=== Records supplied ===

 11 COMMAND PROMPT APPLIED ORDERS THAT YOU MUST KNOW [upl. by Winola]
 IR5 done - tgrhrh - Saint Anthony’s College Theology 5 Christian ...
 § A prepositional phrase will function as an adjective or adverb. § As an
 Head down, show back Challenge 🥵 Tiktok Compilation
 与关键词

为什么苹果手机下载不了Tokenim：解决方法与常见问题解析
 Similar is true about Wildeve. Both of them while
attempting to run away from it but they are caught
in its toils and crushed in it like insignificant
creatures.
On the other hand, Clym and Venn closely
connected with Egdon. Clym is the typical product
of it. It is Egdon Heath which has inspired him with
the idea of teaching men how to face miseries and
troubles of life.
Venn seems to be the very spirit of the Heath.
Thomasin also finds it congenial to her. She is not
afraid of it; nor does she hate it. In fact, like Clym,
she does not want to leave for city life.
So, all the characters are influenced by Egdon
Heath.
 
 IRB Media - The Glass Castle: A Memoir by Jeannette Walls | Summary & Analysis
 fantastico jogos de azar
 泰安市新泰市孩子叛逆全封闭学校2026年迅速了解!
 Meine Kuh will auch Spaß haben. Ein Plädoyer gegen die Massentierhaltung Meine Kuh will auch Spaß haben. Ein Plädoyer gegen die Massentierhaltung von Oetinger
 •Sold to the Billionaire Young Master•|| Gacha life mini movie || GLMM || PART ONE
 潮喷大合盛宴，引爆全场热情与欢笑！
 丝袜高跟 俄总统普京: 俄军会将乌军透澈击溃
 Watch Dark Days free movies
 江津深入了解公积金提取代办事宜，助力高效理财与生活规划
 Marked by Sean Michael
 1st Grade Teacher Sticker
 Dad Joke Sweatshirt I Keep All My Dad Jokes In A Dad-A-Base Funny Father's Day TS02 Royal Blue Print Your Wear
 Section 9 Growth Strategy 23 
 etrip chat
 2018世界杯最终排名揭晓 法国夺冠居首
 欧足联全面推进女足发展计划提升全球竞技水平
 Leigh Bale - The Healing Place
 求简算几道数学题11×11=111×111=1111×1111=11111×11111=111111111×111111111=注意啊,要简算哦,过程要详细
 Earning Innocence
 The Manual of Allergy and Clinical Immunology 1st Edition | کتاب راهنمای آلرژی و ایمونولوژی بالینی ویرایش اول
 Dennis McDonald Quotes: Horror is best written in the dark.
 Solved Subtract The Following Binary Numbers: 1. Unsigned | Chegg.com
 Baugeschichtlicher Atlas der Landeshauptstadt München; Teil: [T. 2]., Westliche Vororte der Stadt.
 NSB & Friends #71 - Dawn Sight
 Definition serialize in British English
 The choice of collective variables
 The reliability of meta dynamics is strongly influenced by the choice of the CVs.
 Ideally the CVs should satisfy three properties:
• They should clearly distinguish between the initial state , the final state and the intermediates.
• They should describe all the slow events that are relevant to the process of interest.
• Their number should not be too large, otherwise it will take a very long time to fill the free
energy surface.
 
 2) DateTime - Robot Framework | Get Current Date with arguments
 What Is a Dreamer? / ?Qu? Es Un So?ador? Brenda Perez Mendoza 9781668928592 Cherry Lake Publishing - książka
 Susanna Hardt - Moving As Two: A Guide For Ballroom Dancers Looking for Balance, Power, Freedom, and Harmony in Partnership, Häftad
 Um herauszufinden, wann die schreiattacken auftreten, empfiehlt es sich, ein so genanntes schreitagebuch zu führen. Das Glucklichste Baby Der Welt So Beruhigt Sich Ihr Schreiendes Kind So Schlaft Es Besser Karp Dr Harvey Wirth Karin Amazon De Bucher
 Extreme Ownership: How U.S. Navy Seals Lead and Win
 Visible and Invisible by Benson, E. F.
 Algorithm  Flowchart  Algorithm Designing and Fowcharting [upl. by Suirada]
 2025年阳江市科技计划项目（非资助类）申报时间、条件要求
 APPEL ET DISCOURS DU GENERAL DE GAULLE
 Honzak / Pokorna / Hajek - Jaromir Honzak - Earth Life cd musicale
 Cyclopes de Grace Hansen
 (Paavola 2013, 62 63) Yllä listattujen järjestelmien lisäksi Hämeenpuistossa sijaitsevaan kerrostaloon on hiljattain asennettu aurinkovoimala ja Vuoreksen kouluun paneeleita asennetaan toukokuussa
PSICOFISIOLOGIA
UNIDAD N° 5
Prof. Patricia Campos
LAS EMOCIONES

===

What you have to do:
Please make an exact copy of the lines above from the line with "Dennis McDonald Quotes: Horror" through the line with "Ideally the CVs", both ends included.

Solution to this problem:
 Dennis McDonald Quotes: Horror is best written in the dark.
 Solved Subtract The Following Binary Numbers: 1. Unsigned | Chegg.com
 Baugeschichtlicher Atlas der Landeshauptstadt München; Teil: [T. 2]., Westliche Vororte der Stadt.
 NSB & Friends #71 - Dawn Sight
 Definition serialize in British English
 The choice of collective variables
 The reliability of meta dynamics is strongly influenced by the choice of the CVs.
 Ideally the CVs should satisfy three properties:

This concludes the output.